Missed deadline shifts initiatives to November ballot

Sen. Lesil McGuire addresses the Alaska Senate, April 20, 2014. (Photo by Skip Gray/Gavel Alaska)
Sen. Lesil McGuire addresses the Alaska Senate, April 20, 2014. (Photo by Skip Gray/Gavel Alaska)

Because the Legislature did not meet its midnight deadline, three citizen’s initiatives are expected to be moved from the August primary to the November general election.

The switch would happen because of a constitutional rule requiring a 120-day waiting period after a legislative session before an initiative can be put to a vote. It would affect ballot questions to slow down the proposed Pebble Mine, to regulate marijuana like alcohol, and to hike the minimum wage. The rule does not apply to referenda, so a measure to repeal the new oil tax law would stay on the August ballot.

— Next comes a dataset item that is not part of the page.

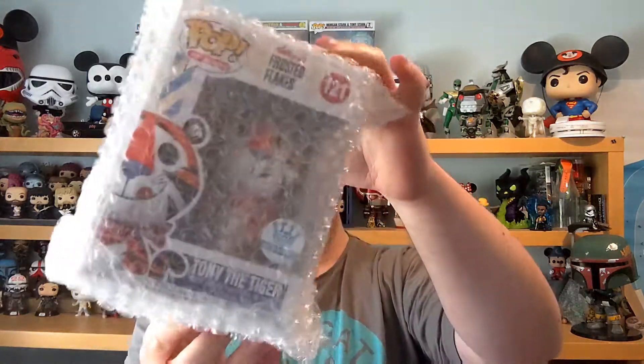They do have pop protectors, I can feel. This is what we have this month — we have, ooh, Retro Tony the Tiger! That is cool because I did look at this; it came out recently on Funko Shop.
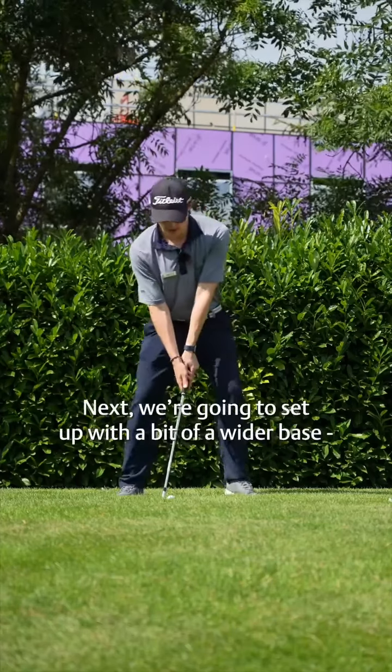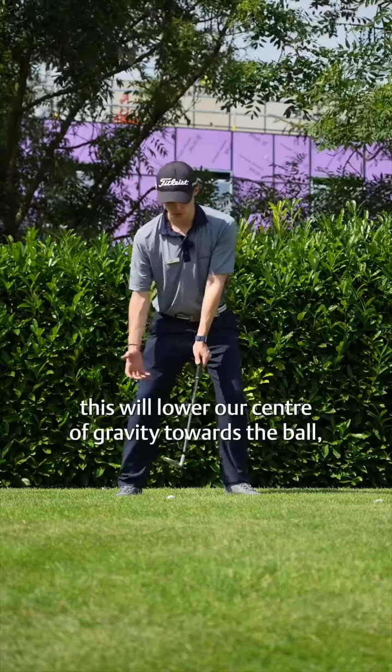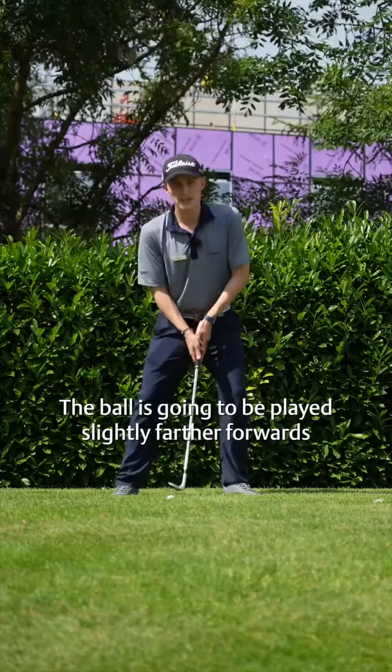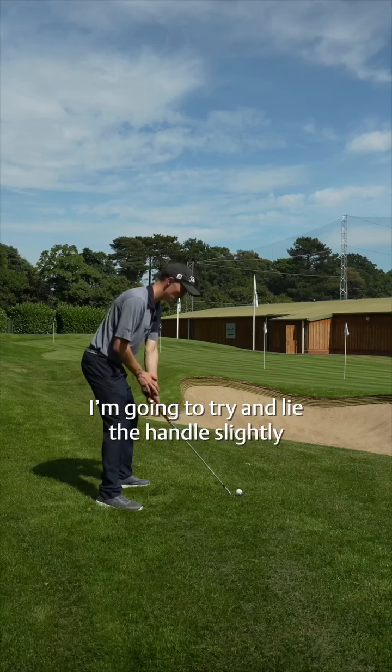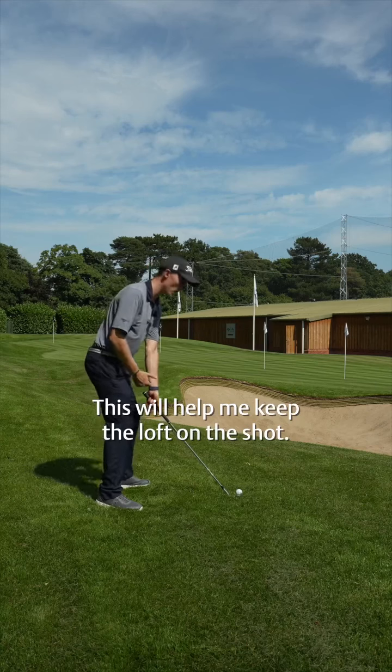Next, we're going to set up with a bit of a wider base. This will lower our center of gravity toward the ball and help us get a shallow angle of attack. The ball is going to be played slightly farther forward in the swing, and I'm also going to try and lay the handle slightly more down towards the ground. This will help me keep the loft on the shot.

The rescheduling of initiatives is expected to help the anti-repeal effort, which the oil industry has sunk millions dollars  into. That’s because the initiatives are expected to bring more liberal-leaning voters to the polls, and that increased turnout will no longer affect the primary.

This dynamic also triggered an ugly political fight in the Legislature, when a bloc of House Republicans passed a minimum wage bill earlier this month to preempt the initiative entirely.

Republicans and Democrats accused each other of trying to game the elections, and initiative sponsors came out against the bill out of concern that the Legislature would quickly gut it.

While the House majority pushed their Senate counterparts to move the minimum wage bill through, they were met with resistance. The two bodies then engaged in a standoff, with each chamber holding unrelated pieces of legislation hostage to get leverage. But ultimately, the Senate did not back down.

Rules Chair Lesil McGuire said early Monday morning that the minimum wage bill is officially dead.

“The votes aren’t there. The votes haven’t been there all year.”

McGuire says some members of the Senate Majority oppose the bill because they see it as meddling with elections, while others simply are not in favor of the policy and believe it could have negative economic consequences.

With the addition of the initiatives, the November ballot will be especially packed because of the U.S. Senate race and the governor’s race.